CF in Evidence

In the case of data sets, a CF is similar to a degree of membership introduced by Zadeh (1965) for fuzzy sets. To illustrate the concept of fuzzy sets, consider a statement "winter is cold." A crisp set description requires an arbitrary decision as to what constitutes cold winter. Is it one when mean winter temperature drops below 5C, 10C or 20C? There are winters when everybody agrees that it is cold and there are winters that one cannot be so certain. The figure below shows one possible membership function for "cold winter". If temperature drops below the point marked as A, then the membership function equals 1, i.e., there is a consensus that the winter is cold. If temperature rises above point B, then there is no one who would call the winter cold. And, finally, when temperature is between A and B, the opinion is mixed. In ECliPS, if the direct measurements are available, point A often coincides with 0.7 standard deviation of temperature, point B is its long-term mean or normal value, and between A and B the value of the membership function is determined by a linear interpolation.

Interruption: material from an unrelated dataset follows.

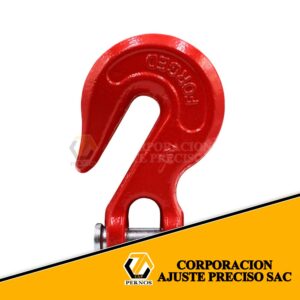 GANCHOS FIJOS PARA CADENA FORJADO ESMALTADO ROJO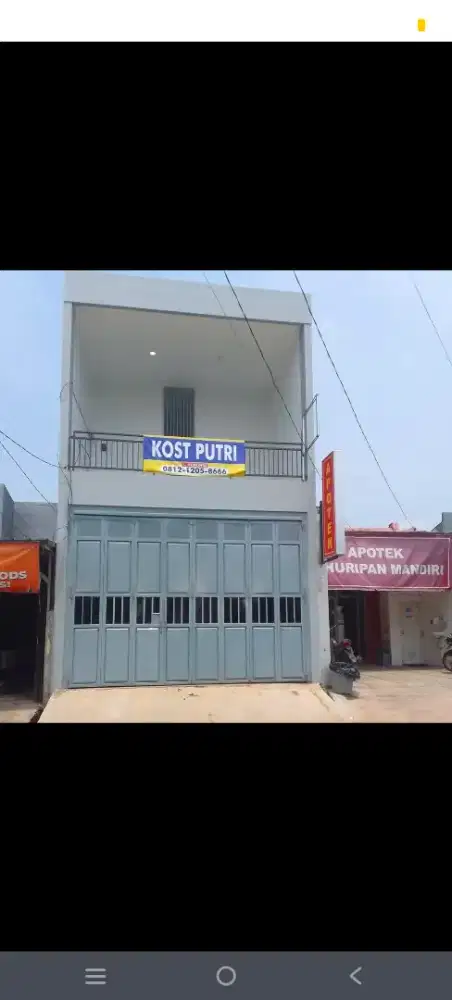 Jual Butuh Kosan Bangunan Baru strategis Grand Kahuripan Klapanunggal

In reality, however, the situation is somewhat more complex. For example, there are different indices that measure the strength of El Niño events, and the membership function may vary depending which index is used. Moreover, there may be no direct measurements for a climate variable, just some proxy information to characterize it. This brings an additional element of uncertainty regarding our statements about such variables. Therefore, we interpret the degree of membership for our data as CFs that reflect not only their deviation from normal but how certain our information about them is.